Consider the conflict currently going on in Afghanistan.

On August 26, 2008 the BBC reported deaths by US bombing of about 90 people, 60 of them children, in the village of Azizabad in Afghanistan. But in the US such reports are treated as merely rumors not worth sending a reporter to, unless confirmed by the US military. And in order to prevent US reporters going there, the US authority has a standard procedure it follows whenever such a tragedy happens: first deny that any civilians died at all and assert that all the people killed were the enemy (which on its face is highly unlikely in any guerilla war), then when the prima facie case becomes too strong (as in this case when even UN observers confirm the deaths) say that they will themselves investigate, and ask the reporters to hold off on any judgment until the investigation is completed at some indefinite date.

Pentagon officials say they are concerned about the conflicting reports and are continuing their own investigation. Spokesman Bryan Whitman said he did not know when the investigation would end and its results released.

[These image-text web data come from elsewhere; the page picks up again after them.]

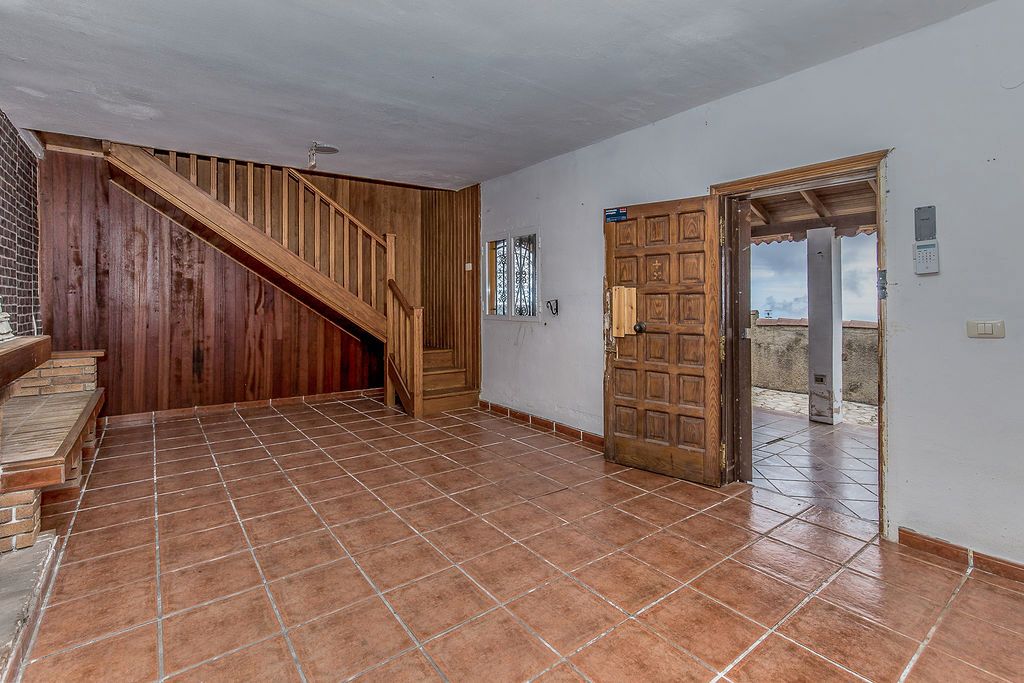 House or chalet for sale in El Rosario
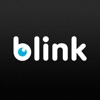 Blink Automation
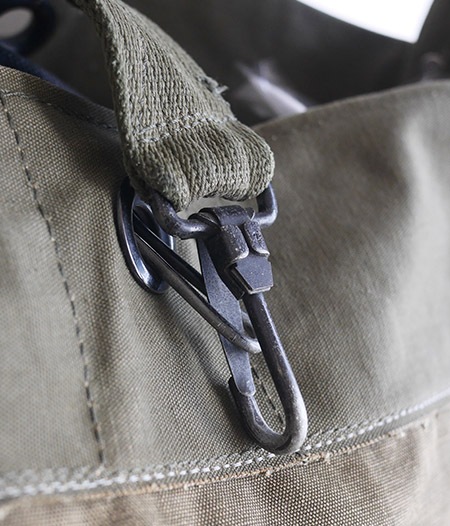 IrregulaR by ZIP STEVENSON �ڎ��ڎ��ގ��׎��ۥ�����ơ�����ᥤ�� �ߥ꥿�꡼���������Хå���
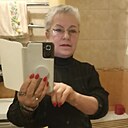 Знакомства: Ангелина, 70 лет, Минск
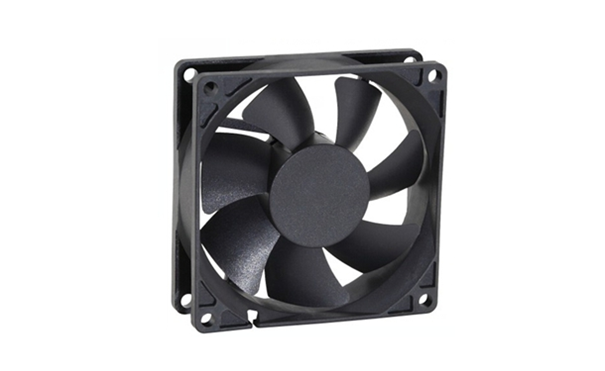 1629194811388198.png 散熱風(fēng)扇進(jìn)口報關(guān)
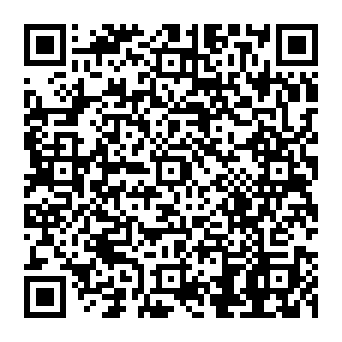 QR 010a912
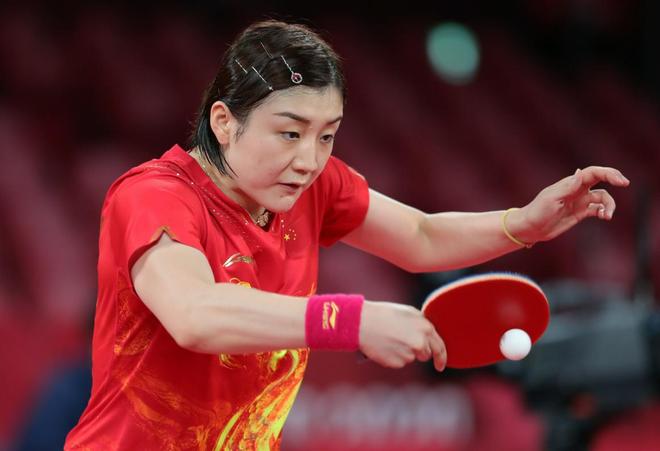 有明显的越 有明显的越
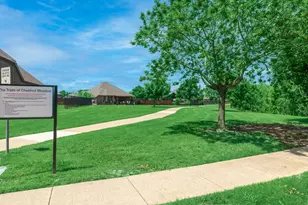 107 Hazelnut, Forney, TX 75126 - Photo 37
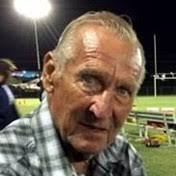 Search Jerry Putman Obituaries and Funeral Services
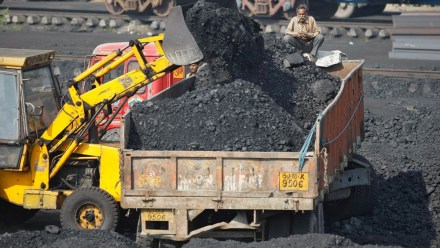 coal, electricity generation, clean energy, electricity demand, power sector, blackouts, renewables, solar, green hydrogen, green ammonia, coal power plants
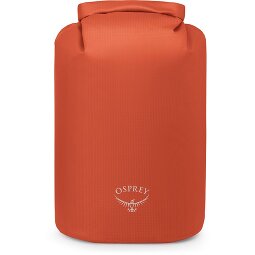 Osprey Wildwater Dry Bag 50 Pannier 37 cm  Variante 1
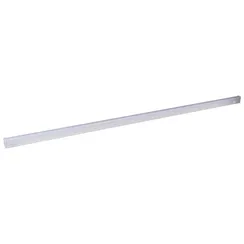 Настенно-потолочный светильник  54002-9.5-001QL 4000K LED18W WT Reluce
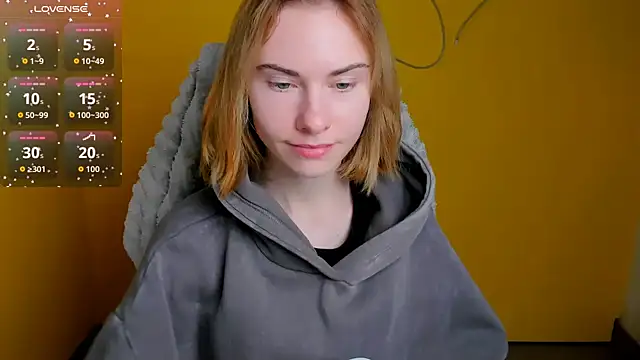 Snapshot of Fiona_Night chatting on 02/02/26, 06:12 Fiona Night online show from 02/02/26, 06:12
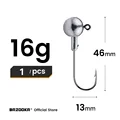 16g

All this is stalling for time, with the military either staying silent and hoping people will forget the incident or conceding at a much later time that a very small number of civilians were killed in the midst of a large number of enemy, thus becoming ‘collateral damage’ and thus supposedly excusable.

The US media is happy to play along in this game. The blog left I on the news describes the reporting by the New York Times of this particular incident, and follows up with a description of the classic non-denial denial by a US government spokesperson when the evidence gets too strong.

It now turns out that there is credible evidence that the original report of large numbers of civilian deaths (including the huge number of children) is correct. But this report in a major US newspaper came on September 7, about two weeks later, and is still being denied and stonewalled by the US military, who still claim that they were responding to Taliban attacks. Meanwhile, to pacify the furious Afghan people, the Defense Secretary Robert Gates offered a vague and general apology for any civilian casualties, without acknowledging specific culpability in this case, and promised to take more care in the future.

This pattern is then repeated the next time civilians are killed. The US military has still not acknowledged civilian deaths.

Glenn Greenwald follows up the story, providing more details of the original incident as well as the attempted cover-up.

Next: Other examples of unbalanced coverage

POST SCRIPT: The elitists

An odd feature of this campaign is the attempt by the McCain campaign to try and paint Obama as an ‘elitist’. But Newsweek ran a story that looked into how many cars each candidate owns. The scorecard? The McCains: 13, the Obamas: 1, and that too a modest Ford Escape Hybrid.

Comments

  1. Bruce Myers says

    Another problem with U.S. news coverage seems to be interviews with only elites. Rather than interviewing an Iraqi on the street or a Palestinian, we will only speak to a UN official (if anyone at all). Usually, balance is “achieved” by interviewing two pointy-headed pundits in an air-conditioned studio.